We've been on the ground in Haiti conducting a series of workshops on facilitating access and promoting inclusion for people with disabilities. The workshops were based on our resource kit for field workers entitled "Disabilities among Refugees and Conflict-Affected Populations" and tailored to address the needs of people with disabilities in the wake of a natural disaster.
More than 100 people participated in the trainings, representing international and local NGOs, UN agencies and the Haitian government. Haitians with disabilities also participated in a panel discussion during the workshops about the challenges they face in post-earthquake Haiti – ranging from discrimination and social stigma to difficulties accessing services and gaining employment.
The Women's Refugee Commission has released the first major report to address the critical needs of refugees and people displaced within their own countries who suffer from physical, sensory or mental disabilities.
The World Health Organization (WHO) estimates that between 7 and 10 percent of the world's population lives with disabilities. It can therefore be calculated that between 2.5 and 3.5 million of the world's 35 million displaced people are disabled. In fact, the number of people living with disabilities may be even higher among those who have fled civil conflict, war or natural disasters.
Yet sadly, people with disabilities remain among the most hidden, neglected and socially excluded of any population in the world today. They are often not counted in refugee registration drives or identified in data collection. Because of physical and social barriers, they are unable to access mainstream assistance programs offered to other refugees. Their potential is seldom recognized and they are often seen as a problem for their families and communities, rather than a resource. What’s more, the loss of traditional caregivers—extended families, neighbors—during displacement can leave them extremely vulnerable.
The report “Disabilities among Refugees and Conflict-Affected Populations” is the culmination of a six-month project led by the Women’s Refugee Commission and co-funded by the United Nations High Commissioner for Refugees (UNHCR). It is based on fact-finding missions in Ecuador, Yemen, Jordan, Thailand and Nepal (as well as significant field input from Darfur and Kenya), interviews with United Nations agencies and local organizations in refugee settings, and focus group discussions with refugees and others uprooted from their homes. The situation of Colombian, Somali, Iraqi, Burmese, Bhutanese and Sudanese populations was studied in refugee camps and urban environments, in both emergency and protracted situations, with a particular focus on women, children and adolescents.
The report notes serious problems with the physical layout and infrastructure of the camps—few services are accessible to people with disabilities, including toilets, shelters and health facilities. In general, no special accommodations are made for getting food and other supplies that refugees with disabilities need on a daily basis. Many are housebound, rarely leaving their shelters. Not surprisingly, their voices go unheard in decision-making activities within their communities.
“Disabilities among Refugees and Conflict-Affected Populations” also reveals a disparity between refugee camps and urban areas: in camps there is a greater awareness about the needs of the disabled and better services than in urban environments, where refugees with disabilities are unable to access services offered by the host government and virtually no one is providing special assistance to them. The Women’s Refugee Commission also found greater discrimination and stigmatization towards the mentally disabled population; assistance programs, when available, tend to focus on those with physical and sensory disabilities.

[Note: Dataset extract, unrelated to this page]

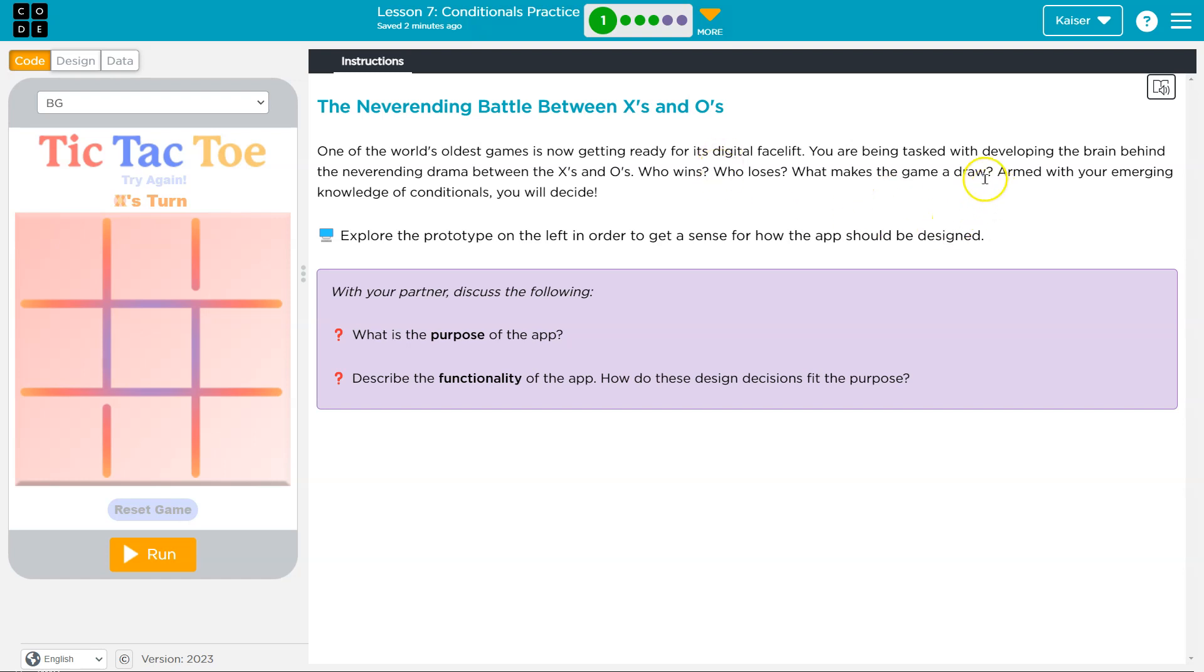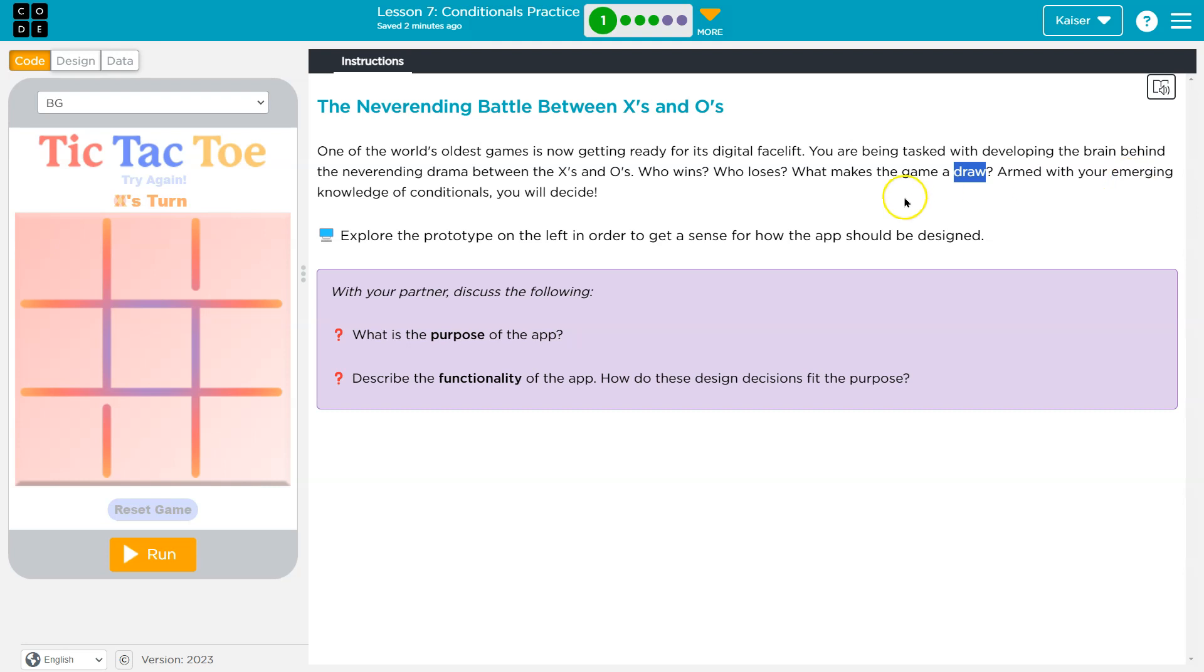What makes the game a draw? Me actually playing, and then I usually draw or lose, but you know. Armed with your emerging knowledge of conditionals, yes, you will decide. Cool.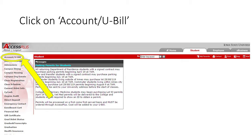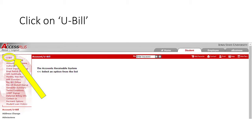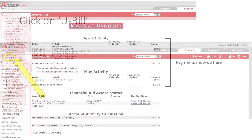To view your U-Bill, click the Account/U-Bill tab on the left side of the screen. Once you have clicked on the Account/U-Bill tab, you will be able to do things like authorize financial aid, set up your direct deposit payment, or review your student loan history.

Yet key findings also include a few positive developments, in particular with regard to children in refugee camps. Many children with disabilities are attending primary schools, some of which have special education teachers. For the parents of the disabled, some camps offer support groups as well as home visits for instruction in sign language, braille and rehabilitative exercises.
To reinforce the report’s findings and improve protection and services for refugees with disabilities, the Women’s Refugee Commission has created a resource kit to provide practical guidance for UNHCR and humanitarian agency field staff. Major recommendations include making refugee camps accessible to people with disabilities and ensuring that they have full and equal access to all services provided.